Another hour of painting last night to simplify red square number one. I took a palette knife and scooped up all the paint on my palette and dragged it over the existing painting. Lost some precious statements but got rid of some awkward/tight areas. Click to enlarge. I'll get back to this painting next week.

Saturday, February 26, 2011

resting red square

This is what red square number one looks like today after an hour of evening painting yesterday. It is resting in my studio, waiting for me, but today I am busy planting the first packets of flower seeds in flats. Oil on cradled panel, 20 x 20 inches.

Thursday, February 24, 2011

snow light


Finished pastel paintings hang from a beam along the back wall of my studio. It's a good storage place while they are awaiting their frames but it is also usually quite dark. Today we have 3 inches of snow and the whole studio is illuminated by snow light coming through the opposite wall windows. Click on the image to enlarge.

Tuesday, February 22, 2011

red square number one

This is what red square number one looks like now. It was completely red with a strip of blues/greens in the upper left corner. After the red was dry, I applied an oil paint wash of several colors and left the red showing in places. We'll see where it goes from here...

Thursday, February 17, 2011

another spaghetti sauce side-track?

A couple years ago I got side-tracked by the color of spaghetti sauce. At that time, I fell in love with the color and dropped everything to paint my kitchen walls.

Today I used the remaining paint in the gallon can to paint over three very bad oil paintings. I had the first panel almost completely covered, just one more brush stroke of red to go in the upper left corner, but I loved the original color peeking through so I left that area unpainted. On the second and third panels, I deliberately left areas without red paint. Now, I'm feeling myself pulled toward abstraction...side-tracked again.

Sunday, February 13, 2011

31 to go?

Another try using the thumbnail sketch I liked so much. I might have to take a break from this winter-marshland series or maybe change the colors to represent another season.

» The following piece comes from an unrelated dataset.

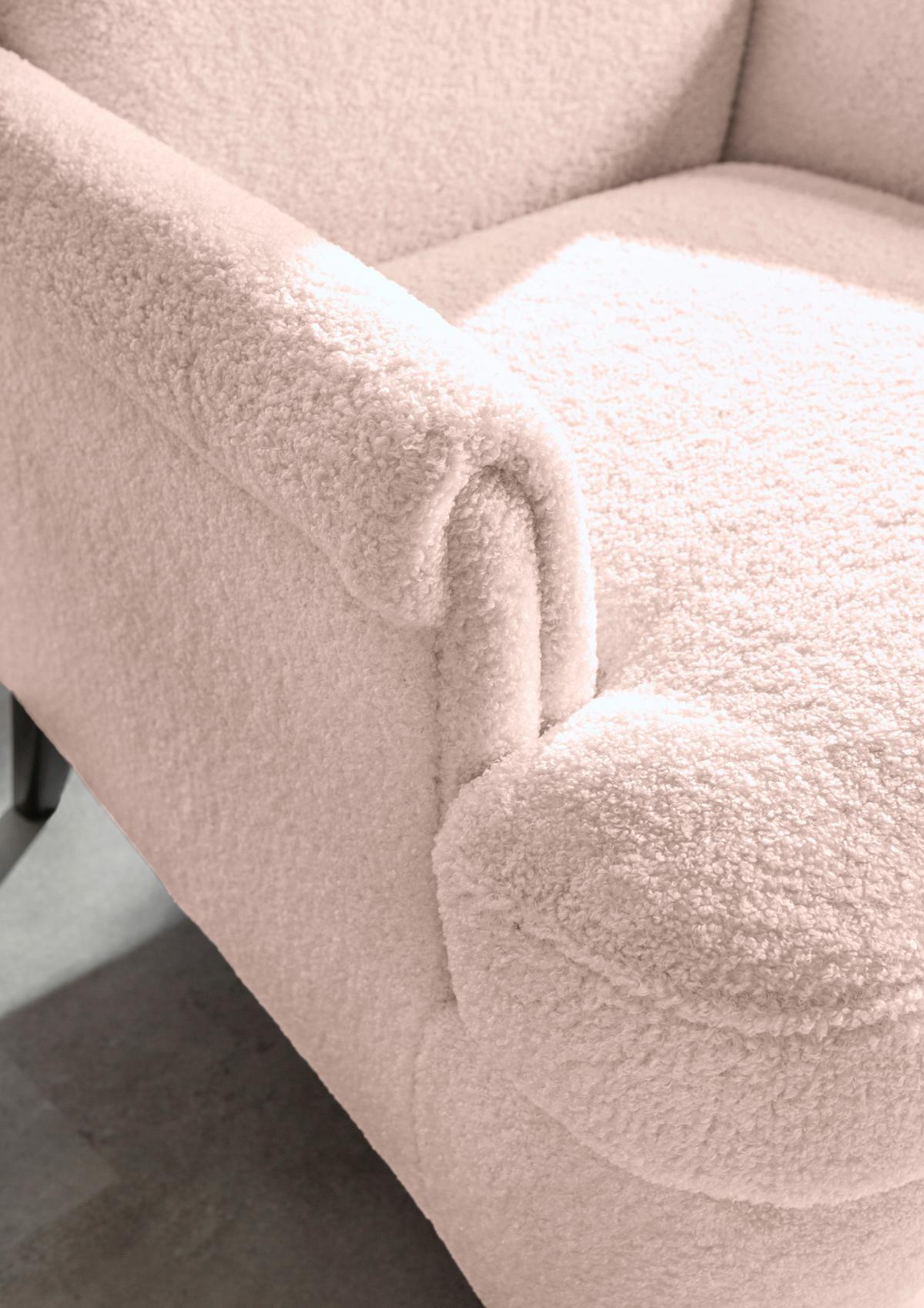 Ohrensessel Versailles, Rosa B: 72 cm - Dunkelbraun/Rosa, Design, Textil (72/104/85cm) - MID.YOU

The little image below is the oil-wash foundation. This painting is "Hometown Yesterdays," 13 x 13 inches.

Wednesday, February 9, 2011

32 to go

I really love thumbnail number 4 but just as one can rely too heavily on a reference photo, getting determined to duplicate a thumbnail can be a problem too. I finally just put the thumbnail out of sight and let the painting go in another direction. "Hometown Memory," 13 x 13 inches, on raspberry ground.

Speaking of memory: artist Loriann Signori has been posting insights about memory painting for many weeks. If you want to go deeply into this subject, visit her blog.

I thought you might like to see the thumbnail I referred to. I may use it again for a painting on a different color ground.

Sunday, February 6, 2011

33 to go

This painting started out based on the third thumbnail from left, top row, on the sheet of 35 but it stayed on my easel in the oil-wash foundation stage for days because the composition made me wince each time I looked at it. When I went back to work on this piece, I thought about how much my hometown has changed since I lived there and what it is that still binds me to the area. One fondness is the sound of the train whistle of my childhood that I heard again as I was shooting the reference photos for this series. I kept that sound in my mind as I painted this one, "Hometown Heartstrings," 14 x 14 inches, pastel on paper.

Tuesday, February 1, 2011

34 to go

One down, 34 hometown marshland thumbnails to go....oh, maybe not really that many but enough for a series of paintings from this photo shoot.  How many is a "series?" Maybe it is however many it takes to get bored with the subject. "Hometown Marshland," 13 x 13 inches, pastel on paper.